Empowering Women in Energy: Navigating Challenges and Opportunities

In recent years, the discussion on Environmental, Social, and Governance (ESG) principles has elevated the importance of diversity and inclusion across industries globally. This heightened awareness has yielded numerous benefits, as companies have increasingly embraced diversity and inclusion in their recruitment and advancement strategies. Nevertheless, despite these strides, the challenges presented by the pandemic and ensuing economic turmoil have introduced setbacks, prompting shifts in priorities at both personal and organizational levels.

In recent years, the discussion on Environmental, Social, and Governance (ESG) principles has elevated the importance of diversity and inclusion across industries globally. This heightened awareness has yielded numerous benefits, as companies have increasingly embraced diversity and inclusion in their recruitment and advancement strategies. Nevertheless, despite these strides, the challenges presented by the pandemic and ensuing economic turmoil have introduced setbacks, prompting shifts in priorities at both personal and organizational levels. While some women have opted to allocate more time to their families in the post-COVID era, companies have also been compelled to prioritize cost-cutting measures.

The energy sector stands out with its stark gender imbalance, where men often dominate with a ratio of at least 3:1 – and the percentage of female leaders declines the higher you go up the ladder. This is not surprising - fever women choose a technical career than men, and it is difficult to attract the most talented women to junior positions in the energy industry. This results in not having enough qualified woman in energy and therefore lacking talent to promote to senior management positions.

Nonetheless, it's crucial to acknowledge the importance of gender diversity in leadership. Studies consistently demonstrate that diverse leadership teams and boards perform better, both financially and operationally. Companies with more diverse board composition are more likely to outperform others financially and gender diversity is proven to make firms more innovative and productive. With varied backgrounds and experiences, diverse teams offer a broader perspective on problem-solving and decision-making. Moreover, fostering diversity enhances overall job satisfaction.

Achieving gender diversity in the energy sector remains a formidable task. A recent IEA 2023 World Energy Employment report shows that women make up only 16% of the traditional energy sector which is just one fifth and below the 40% average in the global workforce.

To address this issue, efforts must begin at the grassroots level by encouraging more women to pursue technical disciplines. These efforts should start already in the classroom, encouraging women to pursue energy jobs.

Strong role models play a pivotal role in inspiring the next generation, demonstrating that careers in energy are not exclusively reserved for men. Today, women in energy may still encounter challenges in accessing mentorship and networking opportunities, which are crucial for career advancement. Also, limited access to support networks can impede their professional growth and development.

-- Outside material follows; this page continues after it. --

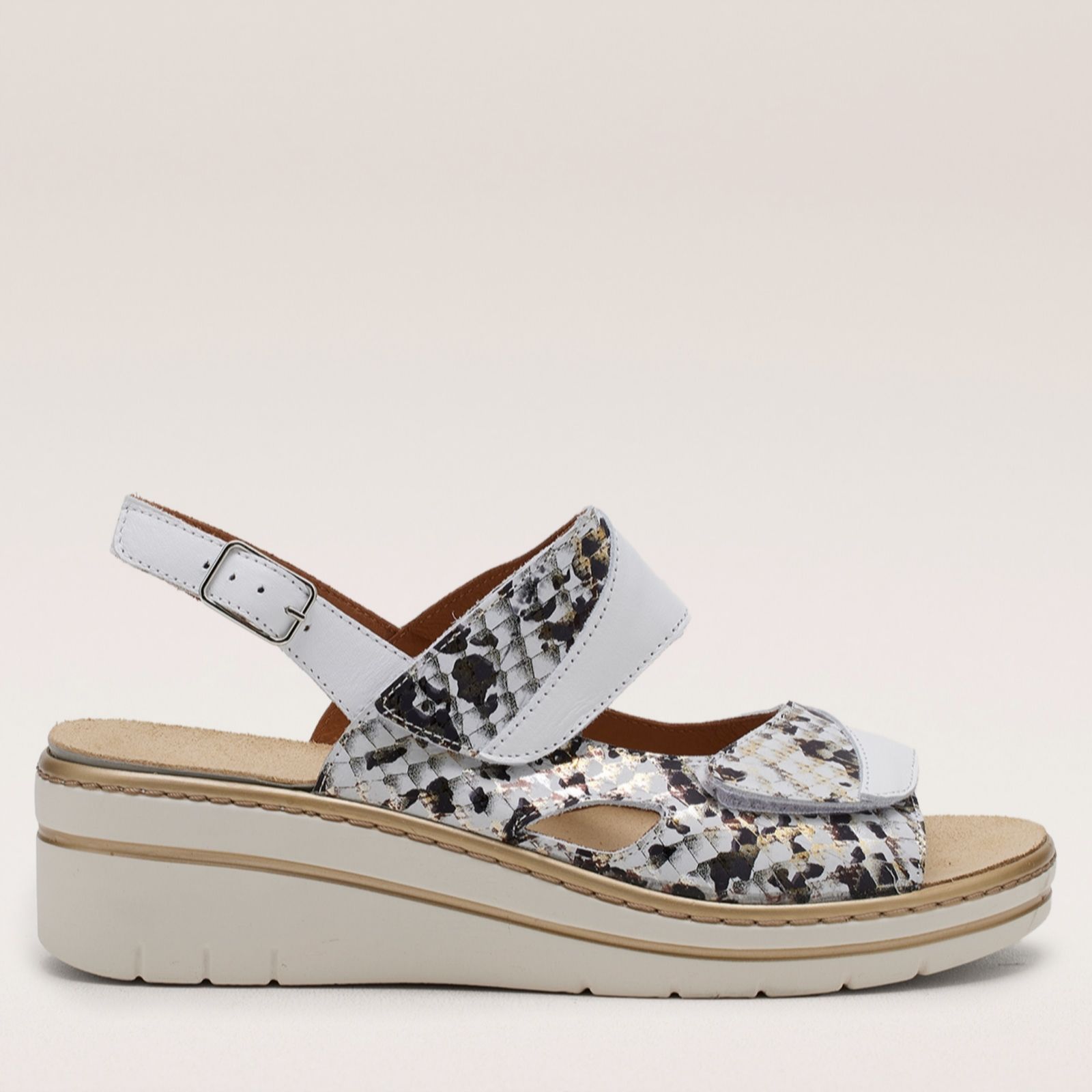 Adesso Lake Leather Sandal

While regulatory measures such as quotas can promote gender diversity, they also raise questions about the meritocracy of promotions. Ultimately, the goal should be to cultivate a culture where diversity is valued, and individuals are promoted based on their skills and capabilities, regardless of gender.

The shift towards sustainability and renewable energy presents a golden opportunity to reshape the culture of the energy industry and promote more women to join the energy industry. This transition demands a diverse set of talents, including soft skills traditionally associated with women. By embracing this shift, companies can attract a more diverse workforce at all levels.

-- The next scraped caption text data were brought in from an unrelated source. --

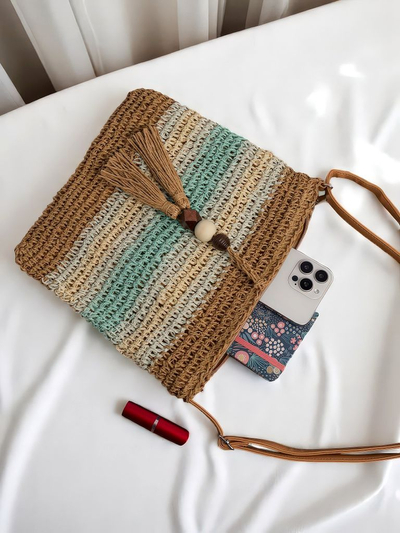 Royalfashion Petit sac en paille pour femme, rayé, orné d’un charm Mini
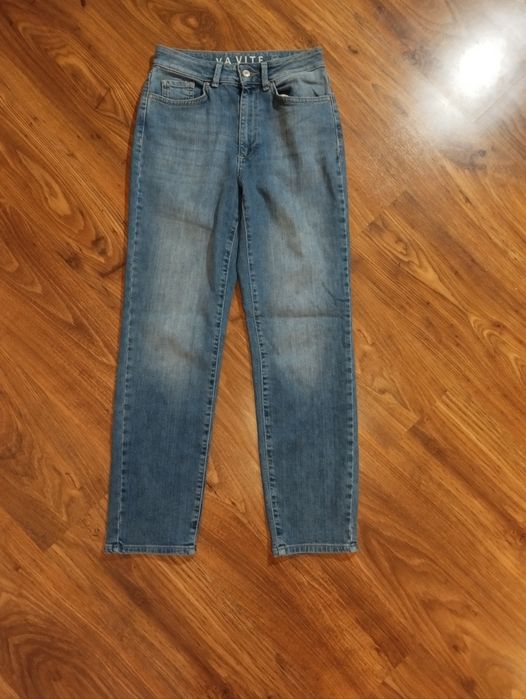 Jasne jeansy damskie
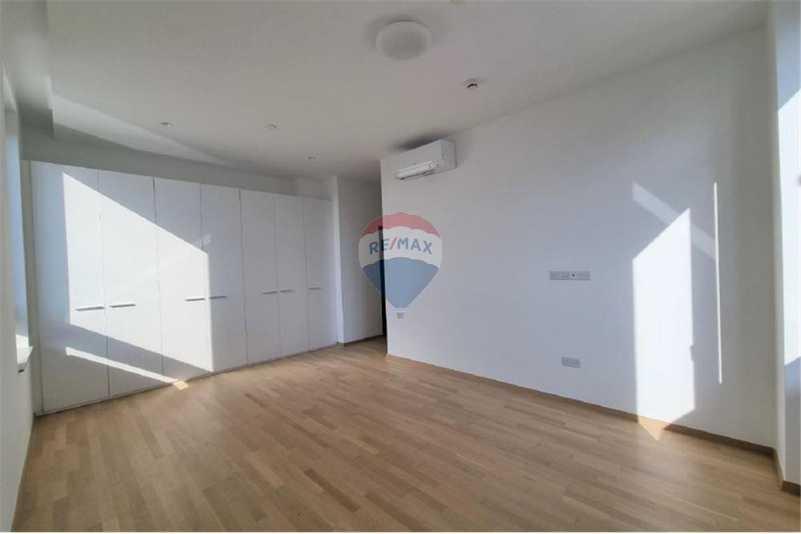 3-bedroom apartment for sale: https://www.bazaraki.com/adv/5797857_3-bedroom-apartment-for-sale (www.bazaraki.com)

Moreover, the pandemic has highlighted the feasibility of remote work, offering women greater flexibility in balancing professional and personal responsibilities. As companies adapt to remote work arrangements, it opens new avenues for women in energy to pursue leadership roles without sacrificing work-life balance.

Encouragingly, the tide may gradually be turning as female employees in the energy sector advocate for their daughters to follow in their footsteps. While changing deeply ingrained perceptions takes time, these small steps are crucial in paving the way for future generations of women in energy.

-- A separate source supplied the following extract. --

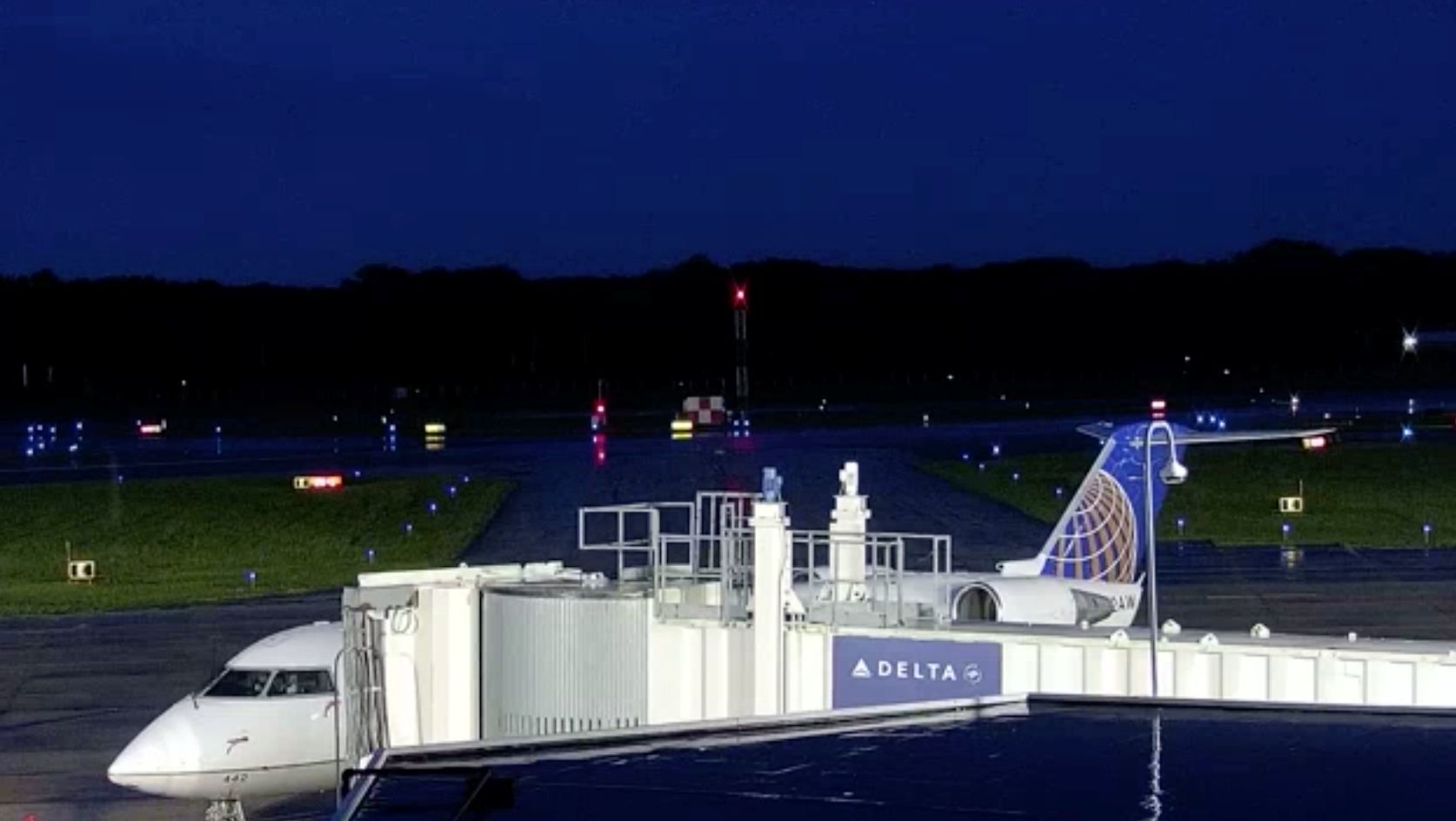 Erie International Airport Live Webcam – Pennsylvania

In conclusion, achieving gender diversity in the energy sector requires concerted efforts from all stakeholders. By promoting inclusivity, fostering talent from diverse backgrounds, and championing female role models, we can create a more equitable and thriving industry for all. As we navigate the challenges and seize the opportunities ahead, we strive towards a future where women are empowered to lead and excel in the energy sector.